Okay, so let’s look at some 5 digit numbers. Draw on the board the values 16, 8, 4, 2, 1
Let’s try translating a few numbers from binary to decimal.
01000
00010
10000
Now harder ones:
01001
00110
01111
Now look at this sequence
11000
01100
00110
00011
What is the relationship between the values you calculated?
What do you notice about the pattern in the bits?
What about these numbers in decimal? Each one divides by 10.
50000
05000
00500
00050
00005
The above sequence divided by 2. So, just as taking off a 0 on the right makes a decimal
number divide by 10, taking off a zero on the right of a binary number divides it by 2.
What happens when you add a 0 to the right side of a binary number? Multiply by 2.
Okay, what is this number?
01001101001010111010000100101101
I don’t even want to try to calculate that. It’s annoying, though, because there are often
numbers this long in binary. In fact, this is the number of bits that a traditional integer
has on a 32-bit machine – 32 bits.
What we would like are some representations that are easier to deal with but are also very
easy to translate between them and binary. Decimal is not a good choice.
Octal – base 8
Hexadecimal – base 16
The reason these translate easily is because their bases are powers of 2.
Octal – 8 = 2^3
Hexadecimal – 16 – 2^4
This means that for each octal digital, three binary digits are required to translate. For
hexadecimal, you divide the binary number into sets of 4 digits and translate them.
The above number:
0b01001101001010111010000100101101
0o11512720455
0x4d2ba12d
Let’s try some short translations:
0b10010110
0o226
0x96
0o346
0b011100110
0x0e6
0x154
0b000101010100
0o0524
Okay, if I have a number
01101001
What is that number times 2?
011010010
What is the original number divided by 2?
00110100
Was the original number even or odd?
odd because the lowest digit was a 1
So what happens to division when we divide an odd number?
It rounds down.
Let’s see if we can apply this to our knowledge of high level languages.
What happens when we divide an odd integer by 2?
Let’s imagine we can store only positive integers in a number. A short integer is 16 bits
long. What is the largest unsigned value that can be stored in 16 bits?
2^17-1
In languages that allow you to operate on unsigned integers, this is the limit.
Now that we have seen how to represent numbers, let’s see how to perform arithmetic.
Try adding a decimal number first:
6192
1257
Then try a binary number
1011
0110
Show how the carries work
Now try multiplication
Base 10:
1010
0101
Binary:
1010
0101
Almost the same!
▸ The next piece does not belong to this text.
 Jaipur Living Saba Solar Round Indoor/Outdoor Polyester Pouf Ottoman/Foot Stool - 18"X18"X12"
Note that for binary, each time you add, you add only one of two
things – 0 or the second number. This makes the implementation quite simple, actually.
Now, how do we perform subtraction?
We negate the second number and perform addition
(why make new logic if we can do negation easily)
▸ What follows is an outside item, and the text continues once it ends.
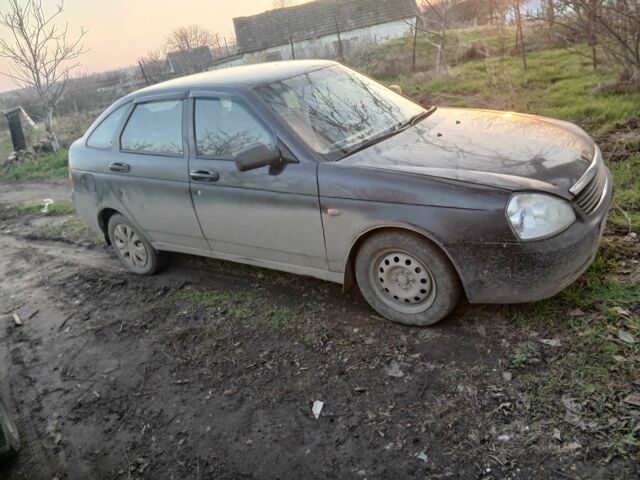 Черный ВАЗ 2172 Priora, объемом двигателя 1.6 л и пробегом 548 тыс. км за 1150 $, фото 1 на Automoto.ua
Okay, then how do we negate the number?
Ummmmm.
We haven’t shown how to represent negative numbers yet.
The first representation is very human-friendly but does not lead to a good
implementation for addition. Remember – when we add -1 + 5, we want the result to be
4 hopefully using the same addition operation as we already invented for positive
numbers.
Sign-magnitude representation – reserve the top-most bit to be the sign.
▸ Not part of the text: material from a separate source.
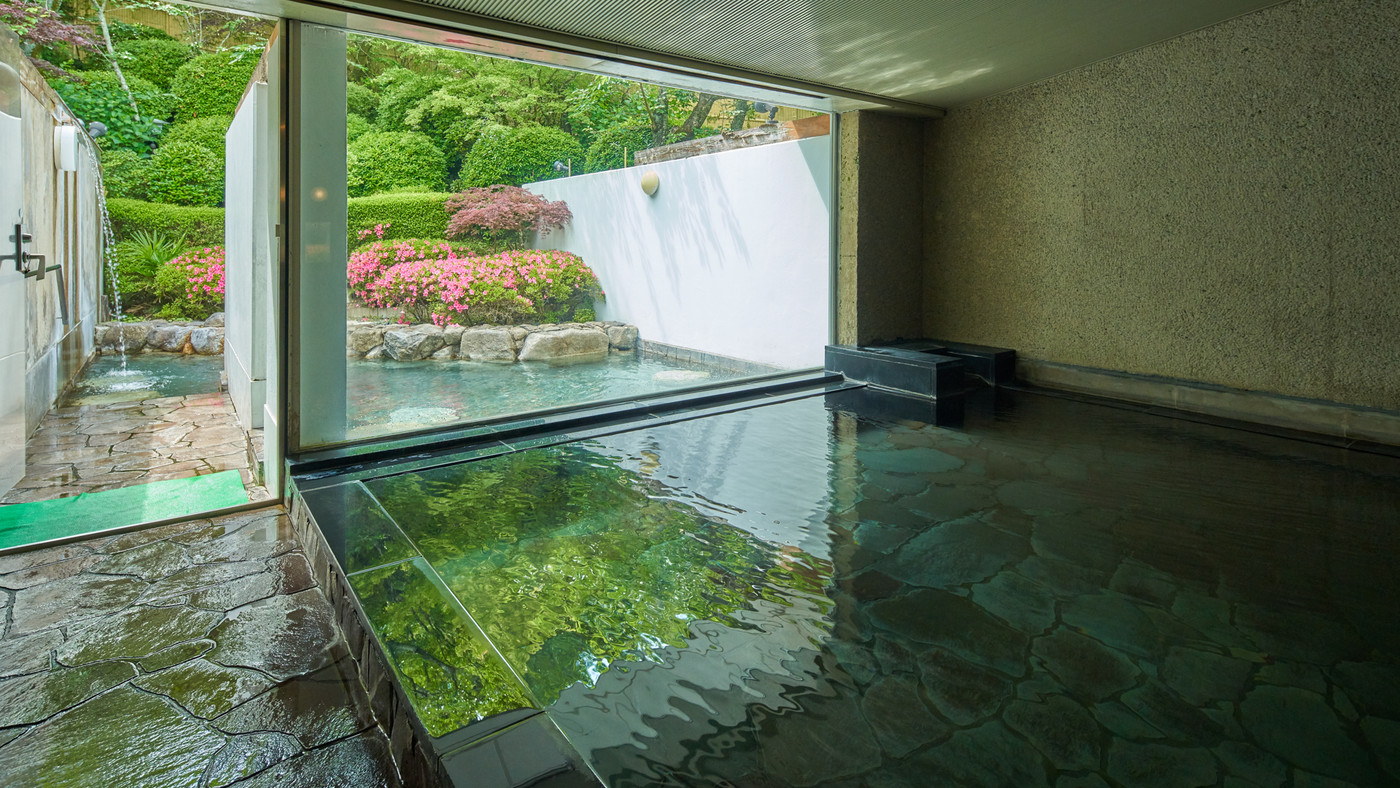 百年の歴史を誇るお宿3928551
0 means positive, 1 means negative.
Let’s try representing -1 + 4
-1: 10000001
4: 00000100
If we add those two we get:
10000101
That is -5. Hmm. That’s not what we wanted. So even though it’s easy for us to read the
binary number in sign-magnitude, it is not conducive to simple hardware implementation.
One’s Complement
The negative number is the same as positive number, but you flip all of the bits
7: 00000111
-7: 11111000
-1: 11111110
4: 00000100
Add those two and get:
00000010
Well, that’s closer to what we want, but not exact.
It’s off by one.
Thus, they invented:
Two’s Complement – the most widely used representation
Two negate any number (whether it is positive or negative to start out), flip all of the bits
and add 1.
7: 00000111
-7: 11111001
-1: 11111111
4: 00000100
Add them up:
00000011
Hey, that’s 3! Yippee!!!!!
The subtraction logic then becomes very simple – flip all the bits of the second number,
put in an adder, and add 1. Because of a clever adder design, the adding 1 can be done at
the same time, with virtually no additional cost, as the main addition.